The initial step in performing experiments under dynamic conditions involves verifying the contact time between a bed and a solution. These dynamic conditions simulate industrial settings, making it advantageous to explore the feasibility of shortening the process duration. Given the large scale of production in various industrial sites, it is often essential for a resin to efficiently adsorb elements within a brief timeframe. In the Fig. 1 the results of the impact of contact time on the course of the sorption process are present using three different resins.
Dependence of the flow rate on the metal sorption efficiency.

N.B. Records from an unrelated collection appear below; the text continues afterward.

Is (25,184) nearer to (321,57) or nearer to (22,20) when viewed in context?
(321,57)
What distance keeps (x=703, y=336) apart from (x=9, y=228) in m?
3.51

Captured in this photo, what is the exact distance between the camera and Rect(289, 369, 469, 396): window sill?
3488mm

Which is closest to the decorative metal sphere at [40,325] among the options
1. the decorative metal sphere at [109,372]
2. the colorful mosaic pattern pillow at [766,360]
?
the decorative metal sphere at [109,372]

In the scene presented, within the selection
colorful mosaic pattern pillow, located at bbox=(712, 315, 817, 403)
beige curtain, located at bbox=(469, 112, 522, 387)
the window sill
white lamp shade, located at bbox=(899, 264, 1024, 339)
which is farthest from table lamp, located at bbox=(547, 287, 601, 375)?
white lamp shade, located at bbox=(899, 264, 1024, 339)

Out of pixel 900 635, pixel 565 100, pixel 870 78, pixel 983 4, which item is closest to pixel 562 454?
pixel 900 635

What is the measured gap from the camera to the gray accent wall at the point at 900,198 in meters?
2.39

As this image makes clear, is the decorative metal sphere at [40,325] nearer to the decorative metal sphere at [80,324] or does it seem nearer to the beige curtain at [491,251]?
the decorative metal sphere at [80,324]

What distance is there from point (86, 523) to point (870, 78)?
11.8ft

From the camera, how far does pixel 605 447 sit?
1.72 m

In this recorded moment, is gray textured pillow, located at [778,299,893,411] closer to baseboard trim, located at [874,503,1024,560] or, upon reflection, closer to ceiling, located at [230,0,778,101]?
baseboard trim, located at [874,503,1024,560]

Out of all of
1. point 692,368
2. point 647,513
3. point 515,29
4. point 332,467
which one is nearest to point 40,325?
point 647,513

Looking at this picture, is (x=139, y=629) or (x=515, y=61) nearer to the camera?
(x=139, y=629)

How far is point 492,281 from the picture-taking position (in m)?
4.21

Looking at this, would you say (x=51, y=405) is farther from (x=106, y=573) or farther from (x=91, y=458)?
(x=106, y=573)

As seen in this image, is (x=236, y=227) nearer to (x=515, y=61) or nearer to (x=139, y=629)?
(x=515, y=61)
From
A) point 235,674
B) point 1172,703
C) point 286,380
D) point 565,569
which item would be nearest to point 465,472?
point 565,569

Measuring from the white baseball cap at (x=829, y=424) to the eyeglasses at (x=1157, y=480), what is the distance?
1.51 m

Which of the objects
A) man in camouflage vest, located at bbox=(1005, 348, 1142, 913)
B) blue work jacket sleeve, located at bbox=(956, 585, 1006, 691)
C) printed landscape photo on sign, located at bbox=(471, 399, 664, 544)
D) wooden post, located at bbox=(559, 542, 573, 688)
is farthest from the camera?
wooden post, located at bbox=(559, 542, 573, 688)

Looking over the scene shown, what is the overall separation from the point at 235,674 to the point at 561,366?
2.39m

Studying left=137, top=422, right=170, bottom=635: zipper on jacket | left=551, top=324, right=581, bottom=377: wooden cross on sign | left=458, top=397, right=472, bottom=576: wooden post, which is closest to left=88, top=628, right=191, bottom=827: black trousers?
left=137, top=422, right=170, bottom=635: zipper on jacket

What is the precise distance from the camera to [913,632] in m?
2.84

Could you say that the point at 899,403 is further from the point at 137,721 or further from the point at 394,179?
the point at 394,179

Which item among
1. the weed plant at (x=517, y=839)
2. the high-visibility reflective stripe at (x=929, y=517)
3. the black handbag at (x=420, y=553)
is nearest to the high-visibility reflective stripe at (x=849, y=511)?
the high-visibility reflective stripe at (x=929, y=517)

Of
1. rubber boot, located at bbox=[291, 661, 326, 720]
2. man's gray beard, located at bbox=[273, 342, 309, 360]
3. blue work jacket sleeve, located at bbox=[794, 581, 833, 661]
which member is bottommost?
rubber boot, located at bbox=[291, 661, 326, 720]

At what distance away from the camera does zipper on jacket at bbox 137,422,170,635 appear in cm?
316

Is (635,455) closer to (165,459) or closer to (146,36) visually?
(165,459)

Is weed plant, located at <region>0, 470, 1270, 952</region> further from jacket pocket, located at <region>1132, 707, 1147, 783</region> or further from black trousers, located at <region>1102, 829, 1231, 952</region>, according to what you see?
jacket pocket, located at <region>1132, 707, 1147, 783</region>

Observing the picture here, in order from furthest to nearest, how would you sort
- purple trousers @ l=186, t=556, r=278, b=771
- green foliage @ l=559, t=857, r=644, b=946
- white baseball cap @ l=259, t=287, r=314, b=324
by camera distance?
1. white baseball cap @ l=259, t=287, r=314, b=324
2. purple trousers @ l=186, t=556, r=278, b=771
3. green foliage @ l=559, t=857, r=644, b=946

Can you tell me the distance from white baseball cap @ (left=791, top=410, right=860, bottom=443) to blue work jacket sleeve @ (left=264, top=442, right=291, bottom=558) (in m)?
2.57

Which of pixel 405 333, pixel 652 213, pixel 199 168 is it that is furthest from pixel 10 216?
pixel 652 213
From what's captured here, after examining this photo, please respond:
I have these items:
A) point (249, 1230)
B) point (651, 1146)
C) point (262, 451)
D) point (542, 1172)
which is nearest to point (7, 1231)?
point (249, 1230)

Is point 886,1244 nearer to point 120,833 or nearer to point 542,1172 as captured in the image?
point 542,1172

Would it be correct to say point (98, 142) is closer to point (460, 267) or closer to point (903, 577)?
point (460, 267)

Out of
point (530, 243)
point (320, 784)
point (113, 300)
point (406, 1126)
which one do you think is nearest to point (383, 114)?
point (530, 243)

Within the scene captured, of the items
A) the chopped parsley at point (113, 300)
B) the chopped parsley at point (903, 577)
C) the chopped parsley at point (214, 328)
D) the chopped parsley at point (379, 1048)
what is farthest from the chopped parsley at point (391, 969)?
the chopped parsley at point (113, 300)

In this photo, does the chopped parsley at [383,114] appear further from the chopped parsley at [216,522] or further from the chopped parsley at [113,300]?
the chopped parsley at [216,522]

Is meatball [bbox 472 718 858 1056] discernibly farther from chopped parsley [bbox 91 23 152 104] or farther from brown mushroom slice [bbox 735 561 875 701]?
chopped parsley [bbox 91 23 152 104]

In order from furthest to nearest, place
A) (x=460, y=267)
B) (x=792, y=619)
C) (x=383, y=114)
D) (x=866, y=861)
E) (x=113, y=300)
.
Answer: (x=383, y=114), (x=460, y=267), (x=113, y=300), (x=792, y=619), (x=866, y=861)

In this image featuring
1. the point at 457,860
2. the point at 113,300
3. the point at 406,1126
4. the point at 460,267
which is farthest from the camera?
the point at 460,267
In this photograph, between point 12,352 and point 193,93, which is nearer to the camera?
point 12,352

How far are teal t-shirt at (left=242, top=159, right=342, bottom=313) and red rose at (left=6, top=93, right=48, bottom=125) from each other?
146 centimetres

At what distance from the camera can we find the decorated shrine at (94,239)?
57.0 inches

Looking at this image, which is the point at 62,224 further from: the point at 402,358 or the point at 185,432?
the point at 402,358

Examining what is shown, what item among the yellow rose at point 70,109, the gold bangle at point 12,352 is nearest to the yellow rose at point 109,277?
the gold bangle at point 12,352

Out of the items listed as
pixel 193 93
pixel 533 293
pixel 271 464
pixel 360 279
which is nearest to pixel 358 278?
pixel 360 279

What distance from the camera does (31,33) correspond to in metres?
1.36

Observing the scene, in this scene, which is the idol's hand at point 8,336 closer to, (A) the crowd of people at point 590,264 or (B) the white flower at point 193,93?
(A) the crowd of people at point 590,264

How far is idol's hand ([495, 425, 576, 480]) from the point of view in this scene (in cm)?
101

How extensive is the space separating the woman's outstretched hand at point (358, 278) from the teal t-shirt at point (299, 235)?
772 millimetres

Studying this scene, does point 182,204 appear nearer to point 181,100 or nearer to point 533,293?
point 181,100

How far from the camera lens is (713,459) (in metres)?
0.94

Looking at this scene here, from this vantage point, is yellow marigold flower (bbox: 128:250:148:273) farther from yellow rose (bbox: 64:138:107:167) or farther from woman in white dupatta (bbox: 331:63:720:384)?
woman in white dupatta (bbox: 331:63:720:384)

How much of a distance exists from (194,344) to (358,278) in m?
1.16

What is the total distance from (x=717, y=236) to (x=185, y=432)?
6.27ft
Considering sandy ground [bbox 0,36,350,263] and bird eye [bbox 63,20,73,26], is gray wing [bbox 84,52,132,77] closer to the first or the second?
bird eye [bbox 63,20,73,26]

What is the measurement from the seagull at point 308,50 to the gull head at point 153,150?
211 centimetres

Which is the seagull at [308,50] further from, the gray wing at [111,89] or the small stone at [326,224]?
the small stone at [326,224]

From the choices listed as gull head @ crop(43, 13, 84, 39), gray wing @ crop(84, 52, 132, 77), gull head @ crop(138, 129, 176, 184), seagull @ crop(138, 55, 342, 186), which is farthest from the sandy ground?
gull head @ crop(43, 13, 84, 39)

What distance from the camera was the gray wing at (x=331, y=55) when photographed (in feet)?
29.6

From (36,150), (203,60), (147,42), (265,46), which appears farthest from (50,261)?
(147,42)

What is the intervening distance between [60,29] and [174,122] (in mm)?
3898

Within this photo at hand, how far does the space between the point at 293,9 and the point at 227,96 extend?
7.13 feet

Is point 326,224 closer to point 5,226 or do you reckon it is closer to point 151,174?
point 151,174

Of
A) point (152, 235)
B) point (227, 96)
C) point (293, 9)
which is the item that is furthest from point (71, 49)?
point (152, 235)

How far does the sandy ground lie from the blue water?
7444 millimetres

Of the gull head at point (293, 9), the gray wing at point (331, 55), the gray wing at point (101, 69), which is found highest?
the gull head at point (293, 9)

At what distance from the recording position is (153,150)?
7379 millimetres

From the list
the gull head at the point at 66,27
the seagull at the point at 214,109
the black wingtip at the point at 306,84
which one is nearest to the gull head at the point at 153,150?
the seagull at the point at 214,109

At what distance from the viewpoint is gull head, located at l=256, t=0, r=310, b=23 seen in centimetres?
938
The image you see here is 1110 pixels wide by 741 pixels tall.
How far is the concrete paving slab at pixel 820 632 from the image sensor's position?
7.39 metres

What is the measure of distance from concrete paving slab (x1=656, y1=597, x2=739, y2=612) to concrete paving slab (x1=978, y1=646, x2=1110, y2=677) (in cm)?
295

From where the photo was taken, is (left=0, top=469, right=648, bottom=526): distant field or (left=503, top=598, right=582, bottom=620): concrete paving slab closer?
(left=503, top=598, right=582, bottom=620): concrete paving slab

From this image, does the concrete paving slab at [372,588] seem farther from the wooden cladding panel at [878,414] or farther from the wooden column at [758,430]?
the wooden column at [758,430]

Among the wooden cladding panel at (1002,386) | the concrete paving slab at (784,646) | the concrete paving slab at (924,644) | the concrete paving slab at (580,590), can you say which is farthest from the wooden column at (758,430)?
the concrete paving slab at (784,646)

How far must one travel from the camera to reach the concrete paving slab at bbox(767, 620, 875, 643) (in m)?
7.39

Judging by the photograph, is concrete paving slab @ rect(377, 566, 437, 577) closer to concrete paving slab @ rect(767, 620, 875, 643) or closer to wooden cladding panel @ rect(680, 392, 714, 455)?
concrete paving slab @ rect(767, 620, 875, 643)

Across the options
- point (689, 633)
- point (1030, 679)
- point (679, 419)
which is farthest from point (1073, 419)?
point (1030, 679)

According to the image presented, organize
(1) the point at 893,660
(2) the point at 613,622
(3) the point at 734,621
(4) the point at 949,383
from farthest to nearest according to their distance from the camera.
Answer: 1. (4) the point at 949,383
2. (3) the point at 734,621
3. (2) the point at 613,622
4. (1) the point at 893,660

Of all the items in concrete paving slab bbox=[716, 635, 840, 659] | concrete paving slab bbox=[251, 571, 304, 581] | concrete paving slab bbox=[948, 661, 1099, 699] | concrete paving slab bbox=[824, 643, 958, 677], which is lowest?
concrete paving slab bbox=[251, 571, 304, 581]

Based on the results in Fig. 1, it can be said that the sorption efficiency of platinum, palladium and gold does not change with increasing the flow rate of the technological solution. Rhodium behaves most characteristically—in the beginning the sorption efficiency increases (for example, in the case of Puromet MTS9200 from 59.1% to 74.0%), then decreases rapidly (from 74.0% to 58.6% for Puromet MTS9200), which again has an increasing tendency again later on (to 72.6% for Puromet MTS9200). Picking the optimal flow rate in the industrial conditions is contingent on various interconnected processes. It is possible that sorption efficiency may improve at higher flow rates, however maintaining an excessively high flow rate is impractical. This is due to several factors, including the interplay between different processes that either supply materials for sorption or utilize them in the industry. Another consideration is equipment efficiency, as running equipment at maximum speed can result in higher energy costs. Moreover, the flow resistance of ion-exchange resins also poses a challenge, as over time, resins degradation and destruction increases flow resistance. Consequently, passing the solution through the bed at a higher flow rate could lead to significantly higher energy and operational costs, which is not optimal for industrial operations. Therefore, due to the high sorption efficiency of precious metals at the flow rate of 10 cm3/min (contact time 5 min), it was chosen as the basic parameter for further research.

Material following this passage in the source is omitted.